- [PROBLEM DETAILS]:
Begin at the line with "美式编织纹实木画框简约白色印花油画框相框装饰小清新装裱框挂墙" and output every line through the end of the records, exactly as given. Omit pictures.

Caption-style text data
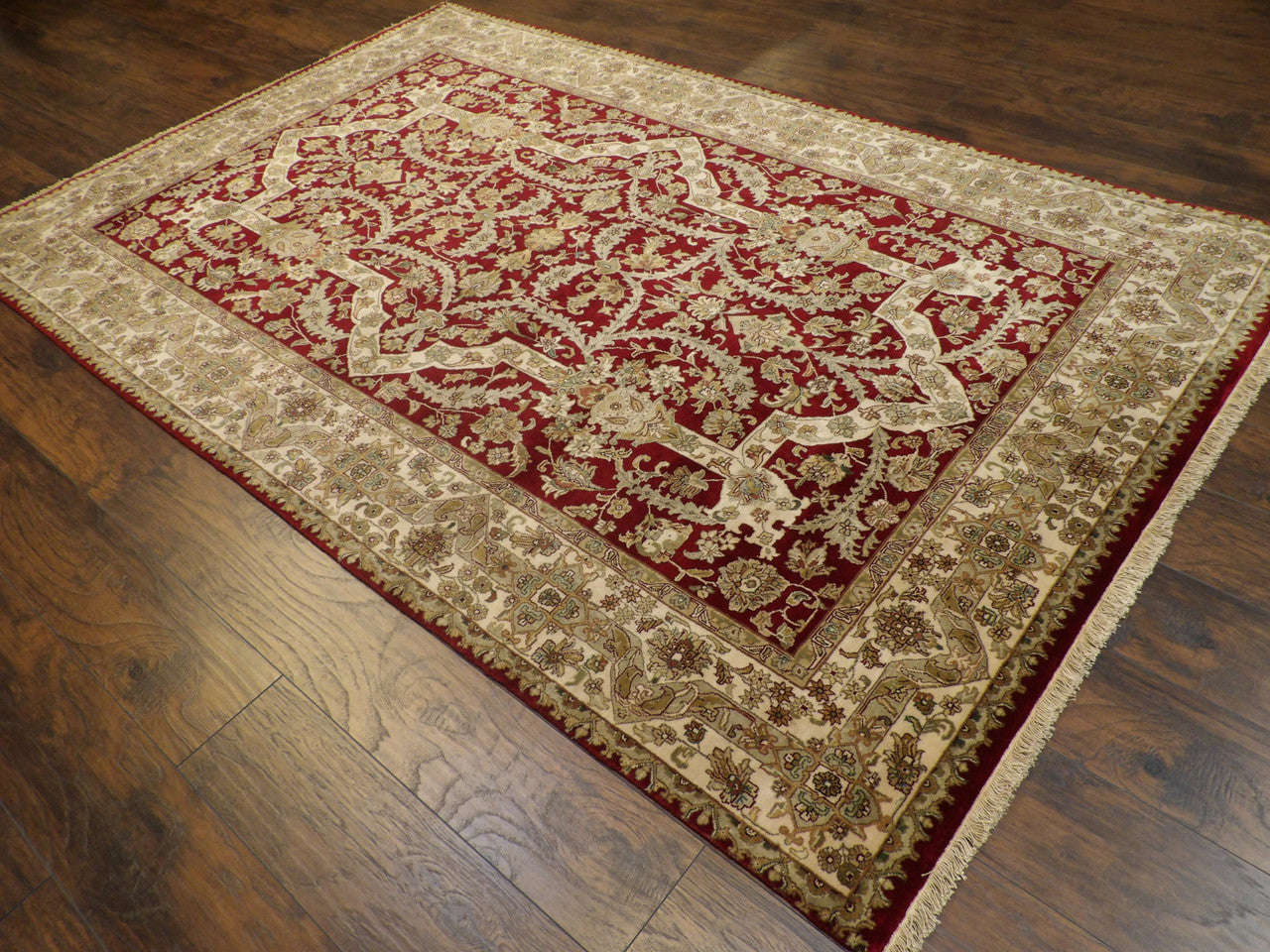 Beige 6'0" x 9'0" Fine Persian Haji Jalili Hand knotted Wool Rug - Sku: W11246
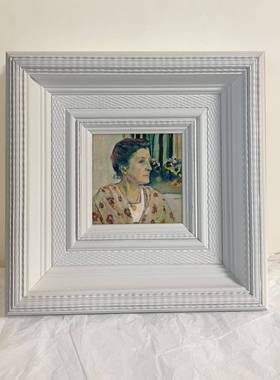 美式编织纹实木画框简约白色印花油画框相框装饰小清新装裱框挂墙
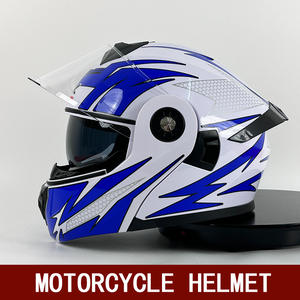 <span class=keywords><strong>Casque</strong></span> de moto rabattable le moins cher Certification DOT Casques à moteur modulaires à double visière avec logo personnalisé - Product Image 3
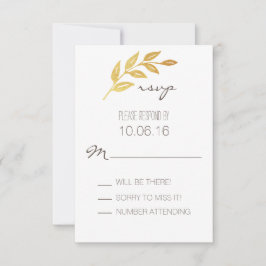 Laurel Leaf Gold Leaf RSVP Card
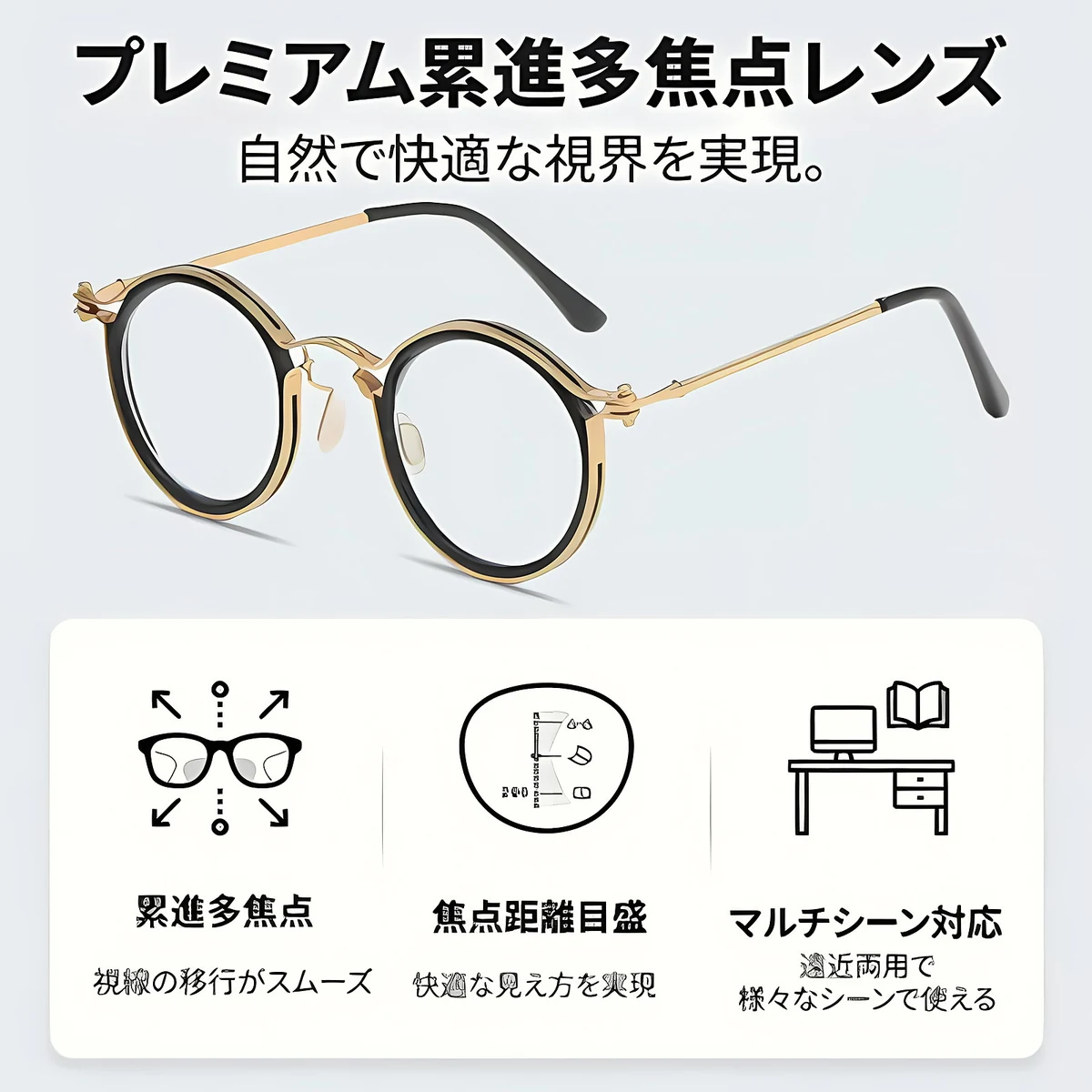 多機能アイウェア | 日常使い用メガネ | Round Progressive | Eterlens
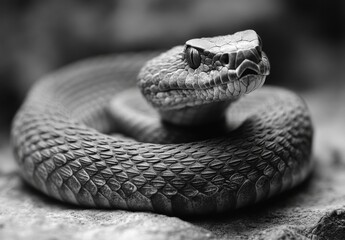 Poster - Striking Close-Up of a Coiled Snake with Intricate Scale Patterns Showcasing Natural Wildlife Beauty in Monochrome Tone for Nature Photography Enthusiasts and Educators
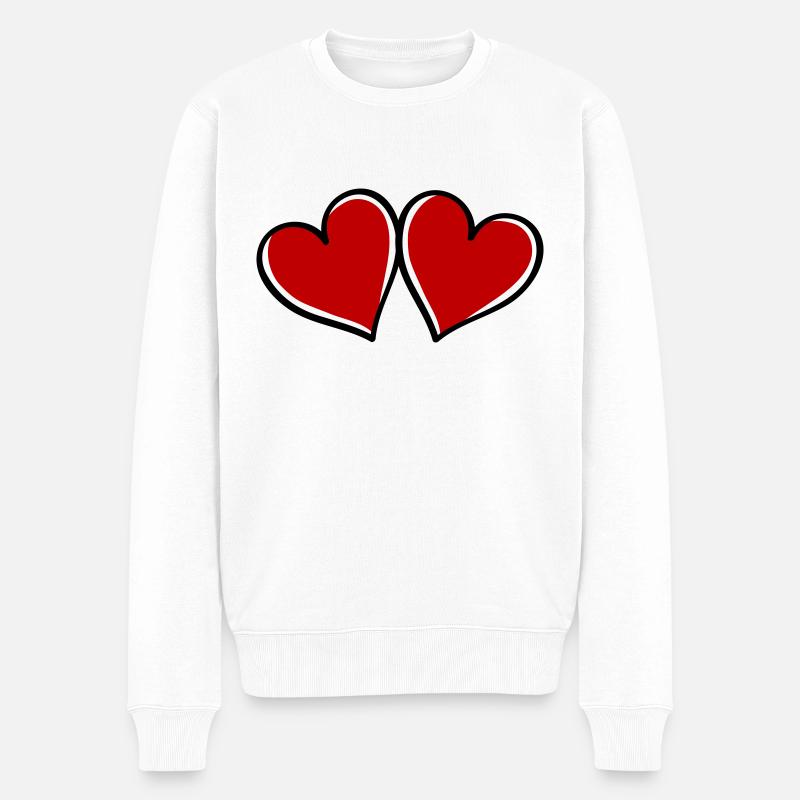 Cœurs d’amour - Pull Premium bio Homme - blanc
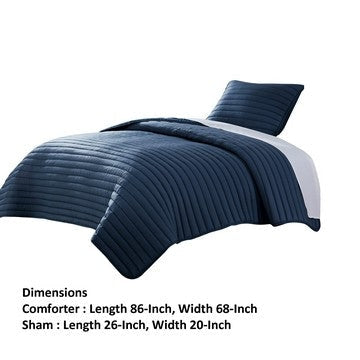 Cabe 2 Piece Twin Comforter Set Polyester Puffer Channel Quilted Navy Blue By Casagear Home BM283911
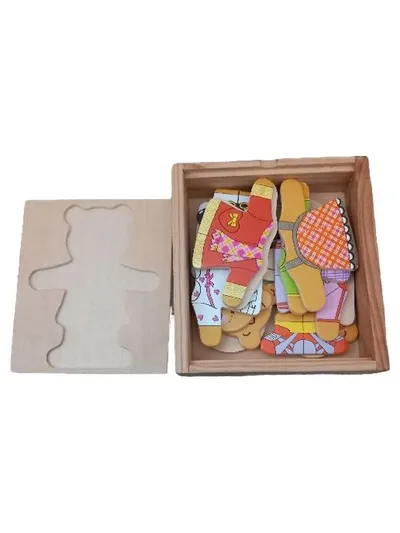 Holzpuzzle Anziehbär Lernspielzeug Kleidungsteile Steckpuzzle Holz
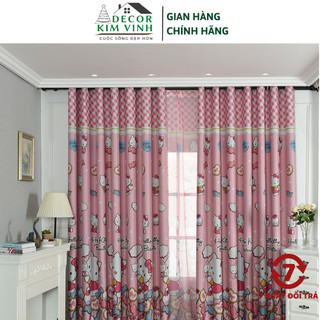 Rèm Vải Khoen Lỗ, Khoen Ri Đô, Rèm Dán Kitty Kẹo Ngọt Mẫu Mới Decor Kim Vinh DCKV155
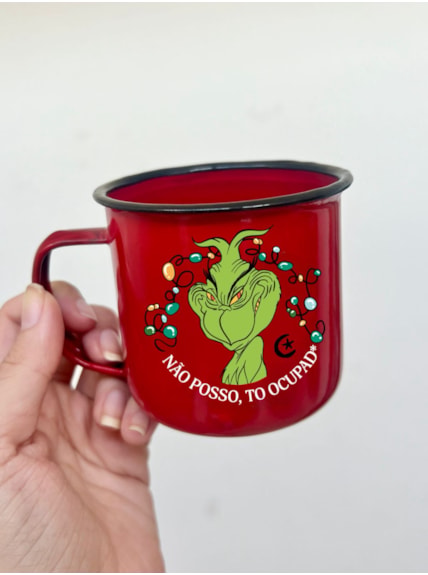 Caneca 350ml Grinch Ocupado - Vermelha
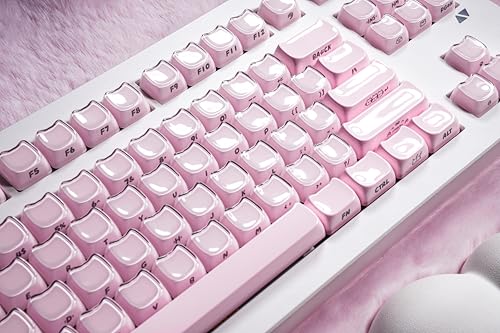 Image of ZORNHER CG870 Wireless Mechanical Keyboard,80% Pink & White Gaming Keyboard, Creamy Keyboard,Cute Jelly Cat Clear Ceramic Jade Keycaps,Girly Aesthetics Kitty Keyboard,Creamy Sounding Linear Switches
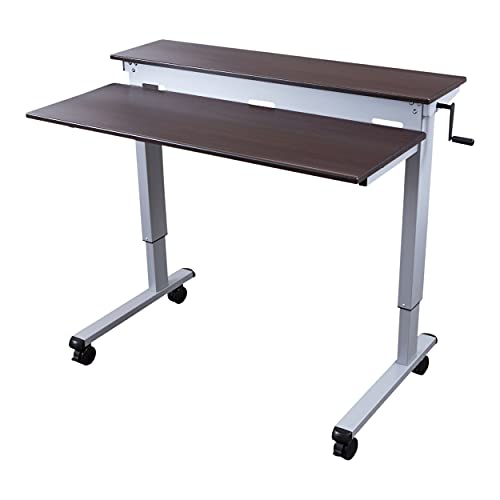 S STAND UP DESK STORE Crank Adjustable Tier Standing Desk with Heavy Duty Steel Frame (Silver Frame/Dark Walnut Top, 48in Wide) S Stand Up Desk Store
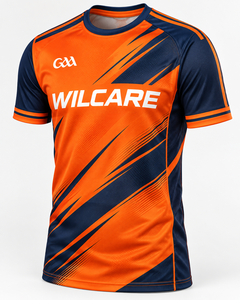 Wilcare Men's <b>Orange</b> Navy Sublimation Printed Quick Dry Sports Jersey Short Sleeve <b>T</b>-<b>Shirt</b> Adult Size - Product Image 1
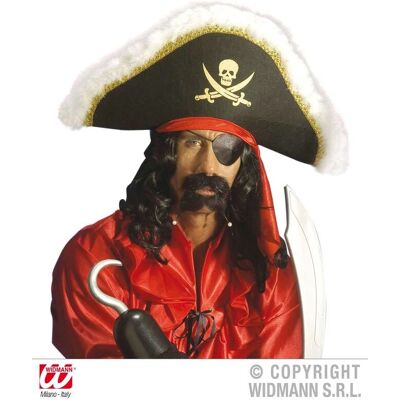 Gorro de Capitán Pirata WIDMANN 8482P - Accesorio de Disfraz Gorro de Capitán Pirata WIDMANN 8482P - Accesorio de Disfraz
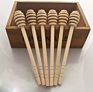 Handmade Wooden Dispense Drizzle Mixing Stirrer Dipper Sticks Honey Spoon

- [SOLUTION TO THIS PROBLEM]:
 美式编织纹实木画框简约白色印花油画框相框装饰小清新装裱框挂墙
 <span class=keywords><strong>Casque</strong></span> de moto rabattable le moins cher Certification DOT Casques à moteur modulaires à double visière avec logo personnalisé - Product Image 3
 Laurel Leaf Gold Leaf RSVP Card
 多機能アイウェア | 日常使い用メガネ | Round Progressive | Eterlens
 Poster - Striking Close-Up of a Coiled Snake with Intricate Scale Patterns Showcasing Natural Wildlife Beauty in Monochrome Tone for Nature Photography Enthusiasts and Educators
 Cœurs d’amour - Pull Premium bio Homme - blanc
 Cabe 2 Piece Twin Comforter Set Polyester Puffer Channel Quilted Navy Blue By Casagear Home BM283911
 Holzpuzzle Anziehbär Lernspielzeug Kleidungsteile Steckpuzzle Holz
 Rèm Vải Khoen Lỗ, Khoen Ri Đô, Rèm Dán Kitty Kẹo Ngọt Mẫu Mới Decor Kim Vinh DCKV155
 Caneca 350ml Grinch Ocupado - Vermelha
 Image of ZORNHER CG870 Wireless Mechanical Keyboard,80% Pink & White Gaming Keyboard, Creamy Keyboard,Cute Jelly Cat Clear Ceramic Jade Keycaps,Girly Aesthetics Kitty Keyboard,Creamy Sounding Linear Switches
 S STAND UP DESK STORE Crank Adjustable Tier Standing Desk with Heavy Duty Steel Frame (Silver Frame/Dark Walnut Top, 48in Wide) S Stand Up Desk Store
 Wilcare Men's <b>Orange</b> Navy Sublimation Printed Quick Dry Sports Jersey Short Sleeve <b>T</b>-<b>Shirt</b> Adult Size - Product Image 1
 Gorro de Capitán Pirata WIDMANN 8482P - Accesorio de Disfraz Gorro de Capitán Pirata WIDMANN 8482P - Accesorio de Disfraz
 Handmade Wooden Dispense Drizzle Mixing Stirrer Dipper Sticks Honey Spoon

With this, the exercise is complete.